Along with a delegation of dignitaries the Mayor of Hiroshima Kazumi Matsui met the Lord Mayor of Manchester Paul Murphy OBE earlier this week, in order to recognise the city’s role in the Mayors for Peace programme.
The Hiroshima delegation joined the Lord Mayor at Manchester Museum to meet local school children to learn about Project G, an initiative that saw Gingko seeds from tress that survived the bombing of Hiroshima presented to Manchester. The delegation then proceeded to Manchester Town Hall for a civic lunch and to give thanks to Manchester for accepting the role of Mayors for Peace.

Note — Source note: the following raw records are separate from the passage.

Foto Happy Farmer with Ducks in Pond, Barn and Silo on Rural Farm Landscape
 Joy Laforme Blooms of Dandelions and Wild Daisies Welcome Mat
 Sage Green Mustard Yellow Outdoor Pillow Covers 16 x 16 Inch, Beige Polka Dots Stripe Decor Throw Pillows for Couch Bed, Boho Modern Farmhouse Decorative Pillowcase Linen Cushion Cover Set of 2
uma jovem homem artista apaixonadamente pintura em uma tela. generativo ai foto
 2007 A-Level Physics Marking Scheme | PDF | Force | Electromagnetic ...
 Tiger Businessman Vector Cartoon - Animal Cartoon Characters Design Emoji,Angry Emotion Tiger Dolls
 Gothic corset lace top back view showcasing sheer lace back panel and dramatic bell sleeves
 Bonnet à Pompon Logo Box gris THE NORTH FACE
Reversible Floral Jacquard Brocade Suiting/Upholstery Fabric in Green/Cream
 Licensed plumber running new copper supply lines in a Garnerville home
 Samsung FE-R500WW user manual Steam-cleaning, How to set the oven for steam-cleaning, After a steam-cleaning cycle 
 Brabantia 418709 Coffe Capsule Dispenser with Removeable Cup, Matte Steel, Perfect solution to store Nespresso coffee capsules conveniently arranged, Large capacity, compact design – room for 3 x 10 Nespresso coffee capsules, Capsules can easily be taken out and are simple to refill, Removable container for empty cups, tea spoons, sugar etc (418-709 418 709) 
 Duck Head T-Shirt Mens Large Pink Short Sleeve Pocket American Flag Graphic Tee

Following the lunch a meeting was held with representatives of the Mines Advisory Group, to discuss developing coalitions of support to bring about a Nuclear Weapons Convention and to understand the wider work of the Nobel Peace Laureate group.
Mayors for Peace was founded in 1982 by the previous Mayor of Hiroshima Takeshi Araki, with the aim to provide a way for cities around the world to work towards the total abolition of nuclear weapons. As a ‘Lead City’ Manchester will help to develop a UK and Ireland Mayors for Peace chapter. The chapter will enable councils across the UK and the Republic of Ireland to unite and to call for the commencement of negotiations towards the elimination of nuclear weapons by the year 2020.
Lord Mayor of Manchester, Councillor Paul Murphy OBE, has stated, “It was a great honour to welcome the Mayor of Hiroshima to our city. Mayors for Peace allows us to stand shoulder-to shoulder with cities across the world in calling for the elimination of nuclear weapons and ensures we never forget or repeat the tragic events which unfolded in Japan in 1945. I am tremendously proud of Manchester’s involvement in Mayors for Peace”.